# Someone please help me...



## lilruffian (Jun 28, 2010)

Not the ferrier's place to say & if he knew anything he would have helped you calm him down or get the horse used to him first.
My farrier will spend however long it takesto get a horse's feet done & will actually help & give advice not tell you to sell the horse. She takes her time & knows just what to do when dealing with a nervous horse or a young one.
I would keep working with him if you really want to keep him. Tell your parents not to be so hasty!

Just wondering also when & why your horse started acting up? Was it because hes touchy with his feet or just scared of the ferrier? Were you holding him? Tied? Up against a fence?


----------



## equus717 (Aug 20, 2009)

SAsamone said:


> I'm in absolute tears, I can't stand it and I need to vent, I need advice, I don't know what to do...
> 
> My rescue Texas did TERRIBLY for the farrier...he was supposed to get corrective shoeing done, and he was so terrified of the farrier, he was rearing and everything else.
> 
> ...


There are things that you can do to help him with his fear of the farrier. What exactly was he doing when the farrier picked up his foot? Try taking your lunge rope around his legs and move it up and down until he gets used to it on all four legs. Then start using your hand to ask for the leg. I would ask your farrier to come out and just spend some time with the horse. If it was a man that abused him it will take time. 

I had a mare that did that with my farrier and I just spent time with her working with her feet and I asked my farrier to come out like once a month in between the feet work and just to stay at a distance while I brought her up to him. She got to the point that she wouldn't react to him at all. 

I would not give up on your horse but it is a commitment that you have to be willing to work through. It took my mare almost a year to be okay with my farrier. You have to be willing to put in the time.

If he goes to auction not to sound mean but he will just end up being passed from one home to another with this issue. I would try to talk to your dad about keeping him and working with him.


----------



## equus717 (Aug 20, 2009)

Your farrier shouldn't of said that. My farrier spends a while with me. My yearling was just done and she got to acting up some but he talked to her and petted on her till she calmed back down and then continued on the feet. I would change a farrier then if they can't work with your horse to make it feel calm then get another farrier.


----------



## SAsamone (Nov 5, 2009)

The farrier came last night because I found blood on his coronet band, I wanted him to check it out (abcess or whatever) and plus he needed his feet done, as they hadn't been done AT ALL (probably in months) when I first got him. Tex was anxious last night, but i though it was because I pulled him away from his dinner. 

Today, I was calmly gooming him with him tied under the tree, and AS SOON, as the farrier's truck pulled up, he started going nuts. I'm 96lbs of nothing and couldn't control him, my dad helped me, and he reared up. Then, the farrier put a twitch on him, and he broke that. He hurt my dad's back...it was awful. And now Tex is mad at me- won't come near me, and I think I lost his trust....it's just a nightmare.

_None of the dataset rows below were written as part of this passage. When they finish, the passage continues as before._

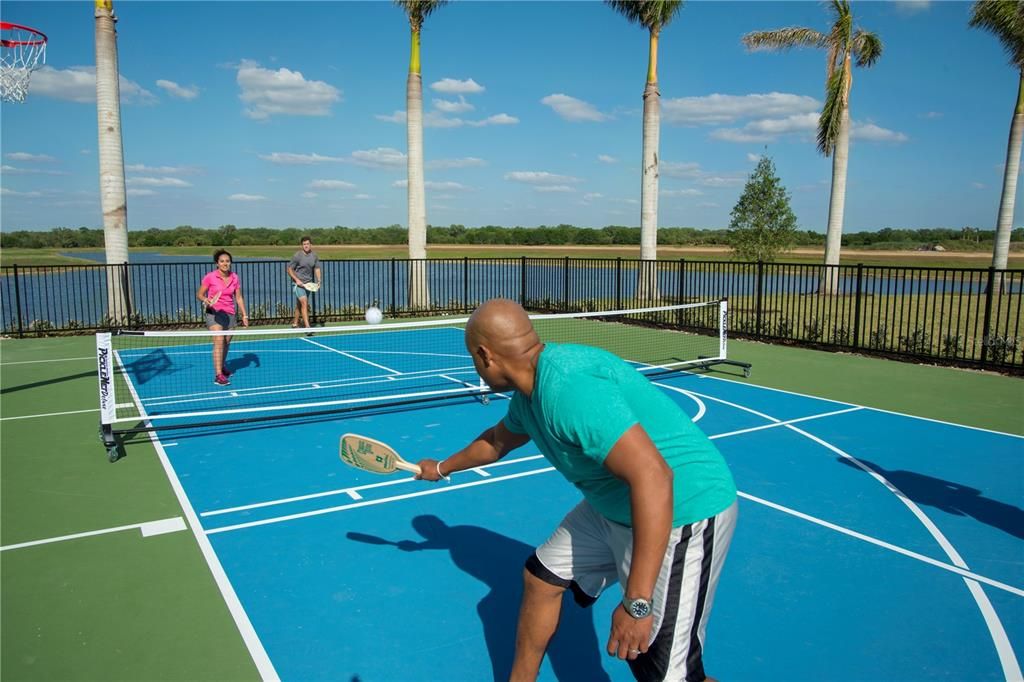 Activo con contrato: $1,249,000 (3 camas, 3 baños, 2758 Pies cuadrados)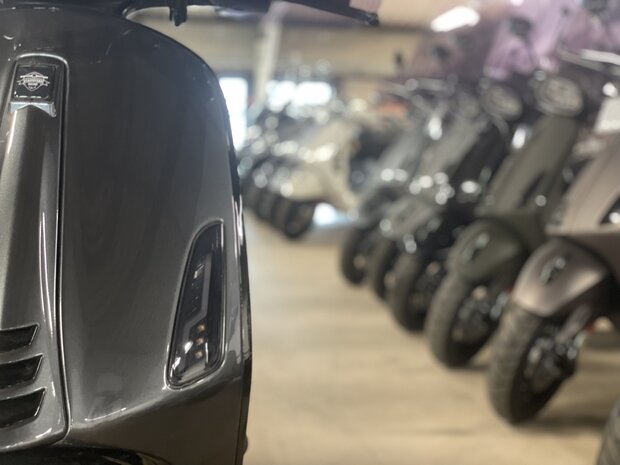 Vespa Sprint Grigio Silverstone rechtsvoor zoom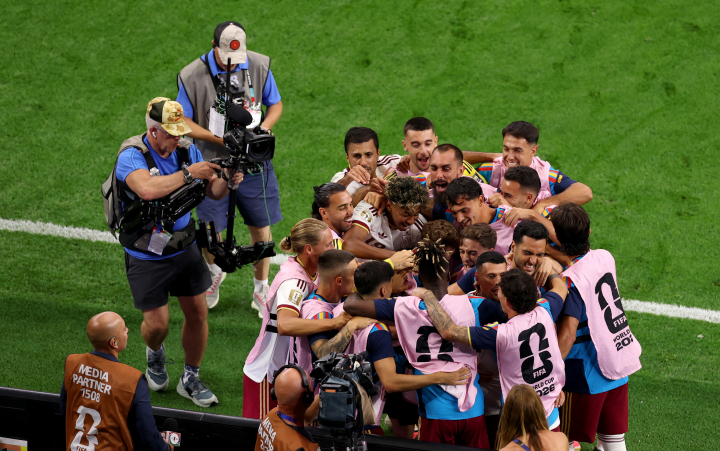 La Selección Española celebrando el pase ante Francia.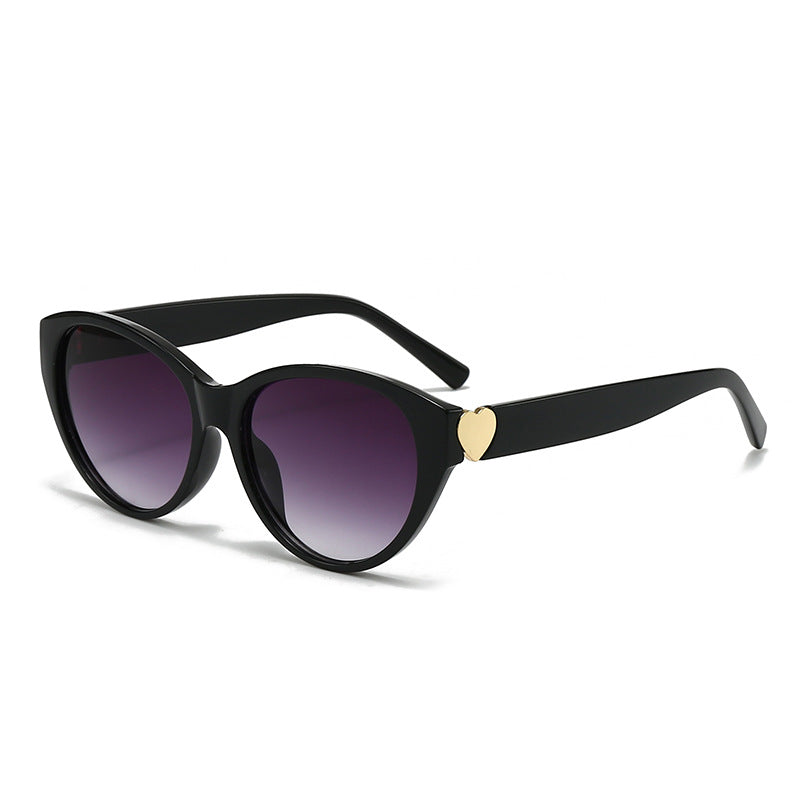 Women Cat-Eye Sunglasses with Heart Design Bowlift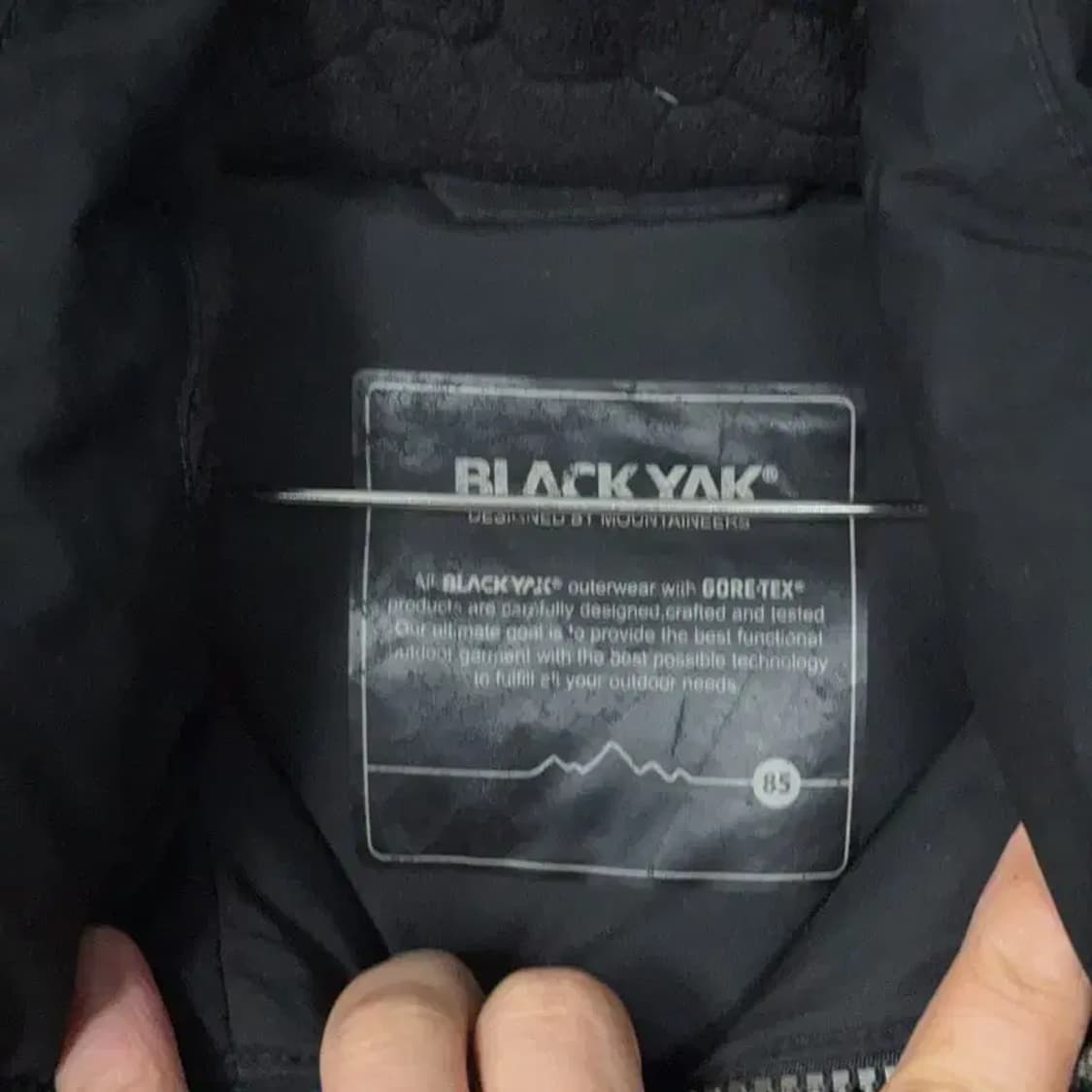 블랙야크 고어텍스 블랙 라쿤퍼 패딩 85 상품이미지6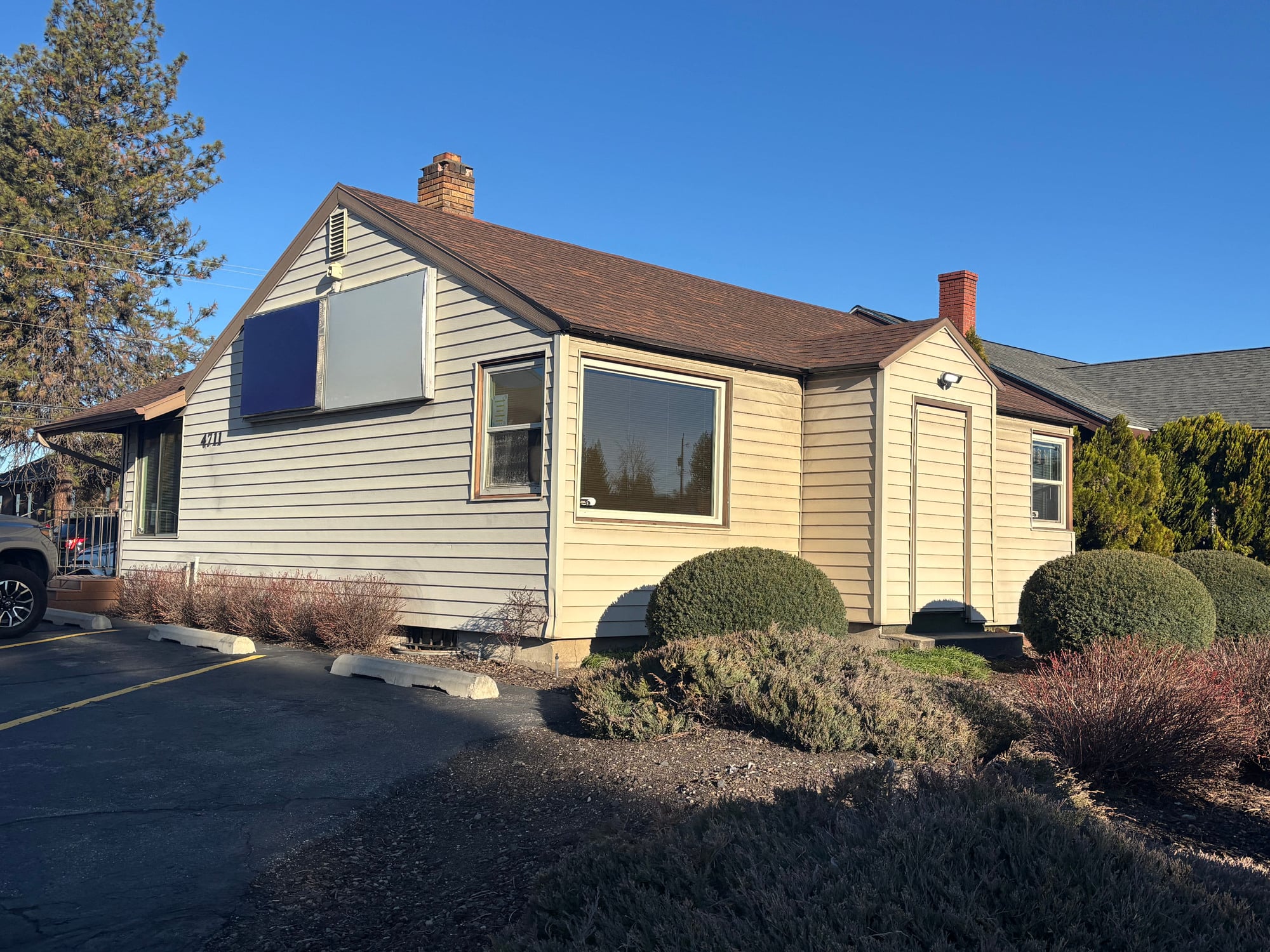 4711 N Maple St, Spokane, WA 99205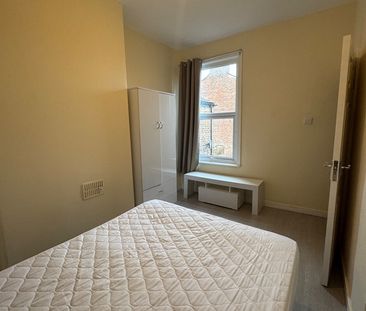 Room in a Shared House, Miranda Rd, L20 - Photo 5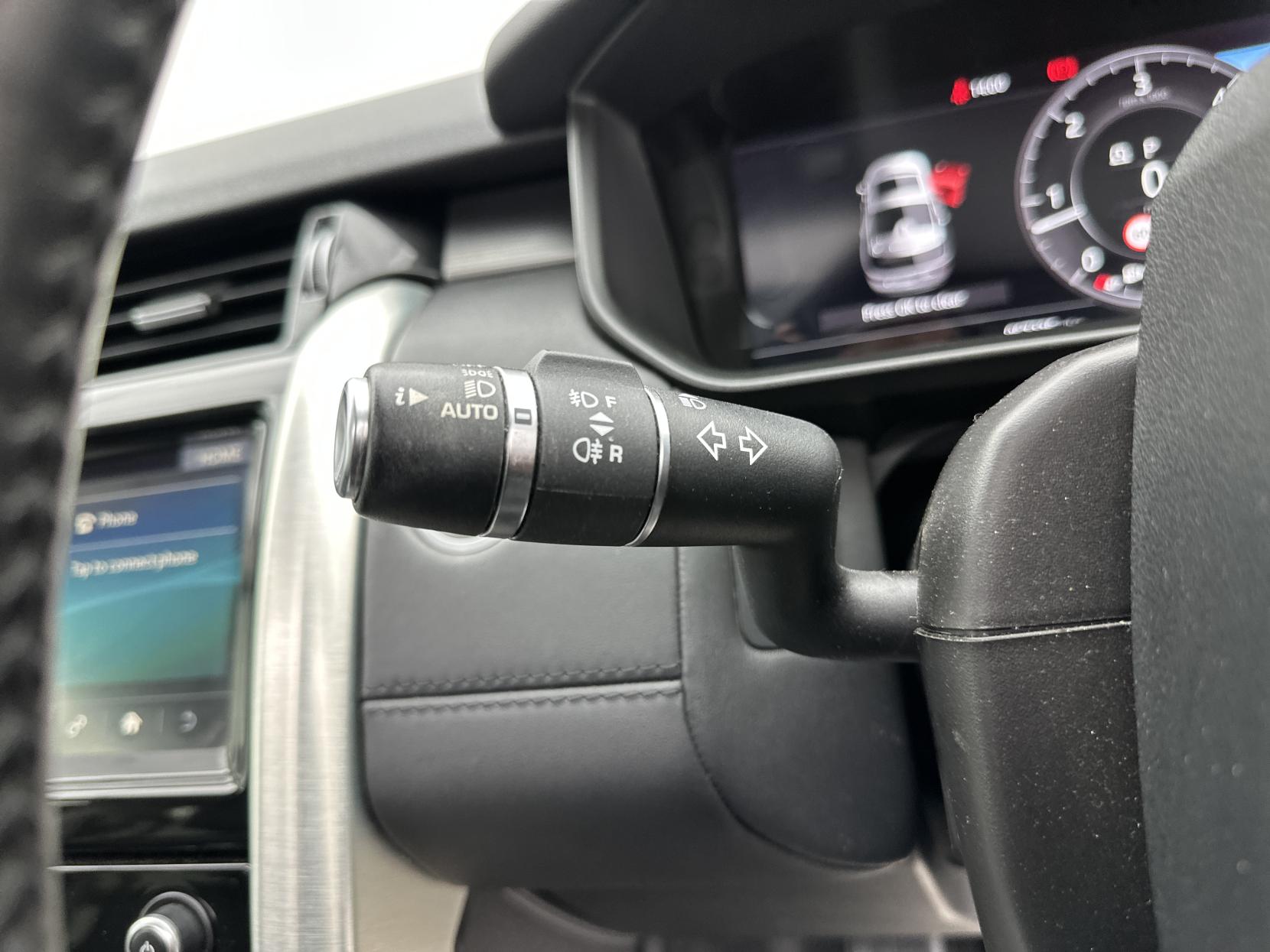 Land Rover Discovery 2.0 SD4 HSE Luxury SUV 5dr Diesel Auto 4WD Euro 6 (s/s) (240 ps)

And thank you guys, so much- agree...the farrier was hitting him, and making it worse. And even though he's not perfect holding his feet up for me, he won't go NUTS like he was...he's normally so gentle and kind with me, and I hope I didn't hurt our relationship.


----------



## lilruffian (Jun 28, 2010)

One of my fillies used to pout & hold a grudge everytime we had a bad day. She would avoid me to up to a week and then give it up & come right back over like nothing had happened 
I wouldn't worry about your relationship with him. He just needs time to settle down and think things over. 
Keep working with his feet. I would suggest working with him on a long rope if the ferrier comes. That way he had get away if he feels he has to but you still have a rope on him & can control him. THe farther away he is when acting up like that the better for everyone around.
When he settles, bring him back to you. Sometimes a horse needs to be able to escape from pressure & get it all out before you can do certain things with them. If he is sensitive, forcing him to cooperate or calm down will only make it worse.


----------



## lilruffian (Jun 28, 2010)

Another tip my ferrier gave me when doing the feet of a really nervous horse is to not tie them up. Hold him in a corner with his side up against a fence, that way he can't jump around.
Rub/scratch his withers (it's the spot where horses love to scratch eachother & mamas will rub their baby's withers to reasure them) & even use treats to distract him if that will work.

Another tip she gave when working with one filly who liked to rear, was to have the strongest person sling their arm over his shoulders and put pressure downward when the horse looked like she was about to go up.


----------



## MyBoyPuck (Mar 27, 2009)

Well for starters, sounds like you need a new farrier, perhaps one with a brain. I'm lost at how hitting an already frightened horse can help. Sounds like your horse has been smacked around before if he got nervous as soon as he saw the truck. Regardless, your horse needs to learn that is no longer the way things will be.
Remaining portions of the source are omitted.